After the last few tumultuous years, many financial advisors are steering their clients back to basics; straightforward, simple investment strategies that guarantee returns and build wealth.
For a while, investors tried to outsmart the market by constantly changing their portfolios in the name of diversification and in a bid to take advantage of as many gains as possible. Those who resisted that temptation and chose to keep it simple while rebalancing their portfolios once per year, suffered less losses overall.
Somewhere between the fears of double-dip recession in the United States and worries that the European economic crises will unleash unimaginable global horrors, savvy investors are steering clear of high-risk investments.
If we have learned nothing, we should have all learned this one lesson: investing on the basis of pure speculation or whims and fancies is not compatible with building true wealth over the long term.
Stocks, bonds and cash
The trend towards amateurs dabbling in the stock market which spiraled upwards a few years ago has reversed itself. It is now evident that for the average person with a job and a family, selecting your own stocks and balancing those investments is far more time consuming and arduous than the advertisements purported. In many cases, the next best stock to watch became the worst stock to invest in rather quickly.
On the other hand, although there were a few dips and dives in the bond market, the large-scale disaster predicted never materialized. In fact, the Barclays Capital Aggregate bond index, a widely accepted benchmark of investment-grade government and corporate bonds, gained almost 8% in 2011.
If you were among the many who listened to the prophets of doom and over reacted by dumping your bonds, you missed out on an opportunity for decent gains.
Another returning trend is for timid investors to play it safe by simply accumulating cash reserves in savings accounts. Having been burned in the past, many have forgotten that saving is not investing. With banks paying between 0.5 and 1.5% interest on savings while guaranteed annuities pay as much as 3%, there is little doubt that though you may end up with some savings, the word wealth cannot be associated with regular savings.

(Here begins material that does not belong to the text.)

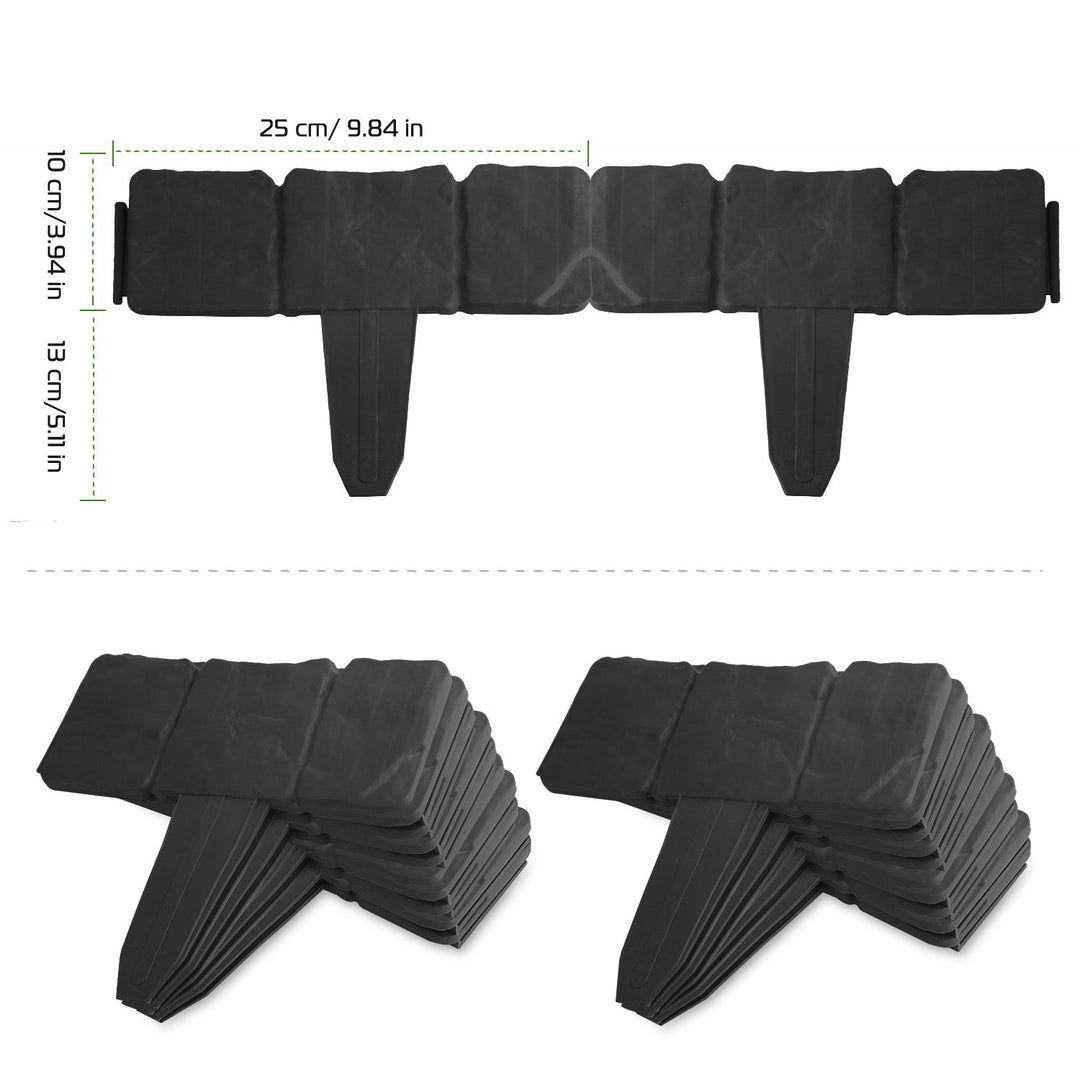 Plastic Garden Lawn Edging 20-Piece Cobblestone Effect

So how do you decide where or how to invest in today’s climate? How do you mix it up while keeping it simple to ensure the best returns? Better yet, how do you resist the temptation to make “quick money” now with risky investments or play it super safe with low interest accounts in lieu of building long-term wealth? And if you already have a portfolio that isn’t working for you, how do you rebalance it?
Insurance companies, investment firms and many banks have qualified financial advisors who will help you to make the decisions that are best for you and your situation. A wide range of investment options exists including life insurance plans that carry moderate to aggressive investment components and annuities that build wealth over the long term and guarantees future income.

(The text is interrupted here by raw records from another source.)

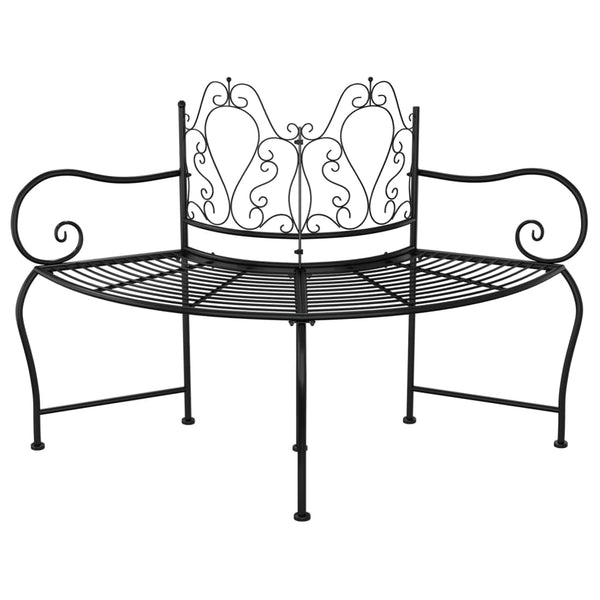 vidaXL Tree Bench 150 cm Black Steel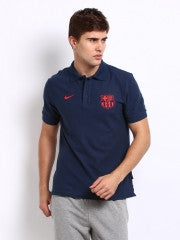 Nike Men Navy FCB Pique Polo T-shirt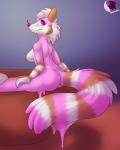 anthro butt dessert female food fur ice_cream looking_at_viewer maraschino_cherry markings neapolitan_ice_cream pink_body pink_fur pink_markings simple_background slime smile solo tail pheonixbat bassariscus food_creature goo_creature ice_cream_creature mammal procyonid raccoon ring-tailed_cat absurd_res hi_res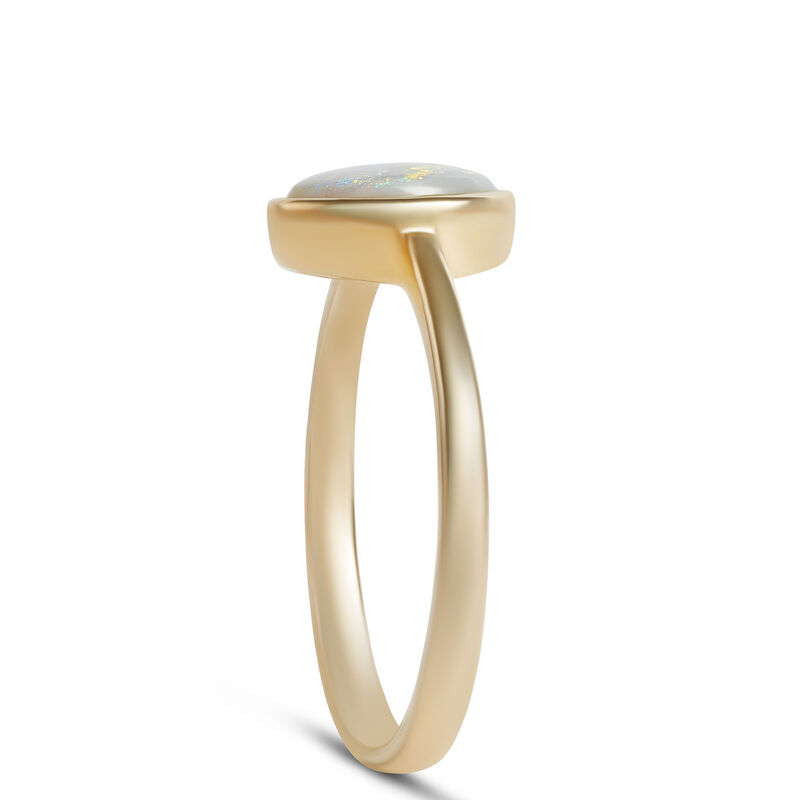 Oval Bezel Set Opal Ring, 14K Yellow Gold image number 1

They can help you move your funds into vehicles that will work for you.
Here are a few tips to help you decide on which company to choose and where to start:
- Do your homework. Research and compare investment firms and insurance companies and the options they offer before making your choice.
- Ask the hard questions. A good financial advisor, insurance agent or other purveyor of financial products should be able to explain the company’s products and services to your satisfaction.

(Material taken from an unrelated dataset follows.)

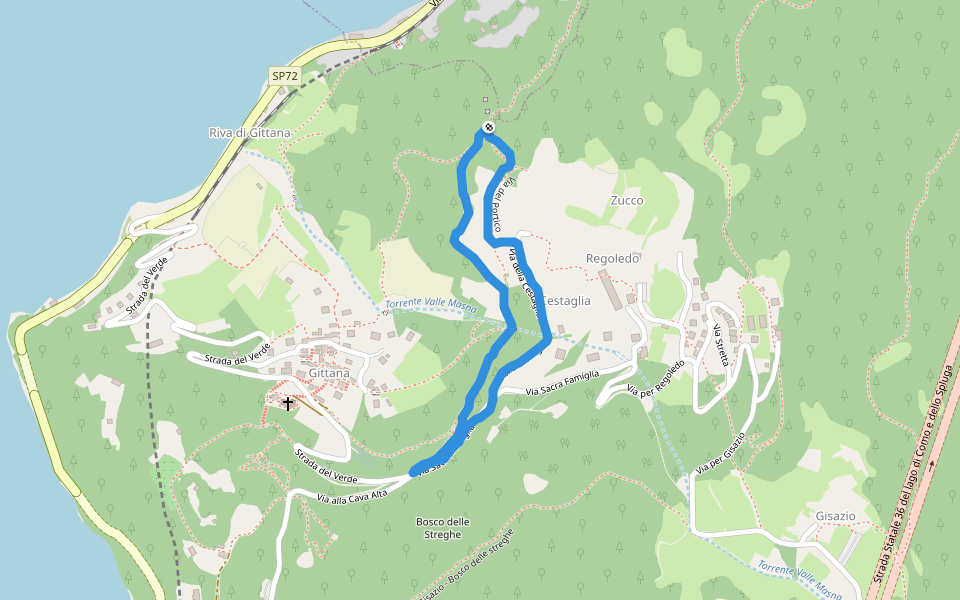 Via del Portico walking route map in Regoledo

- Remember you come first. Your portfolio must reflect what is best for you and your goals.
- Read the fine print. As with all financial and legal instruments, read the contract carefully before signing on the dotted line.
In the final analysis, investing in 2012 is very different from a few years ago. Less people are following headlines and riding the waves just because of a “tip” from a friend or speculation from a reporter. The savvy investors are trending towards moderate risks, long term instruments and guaranteed returns.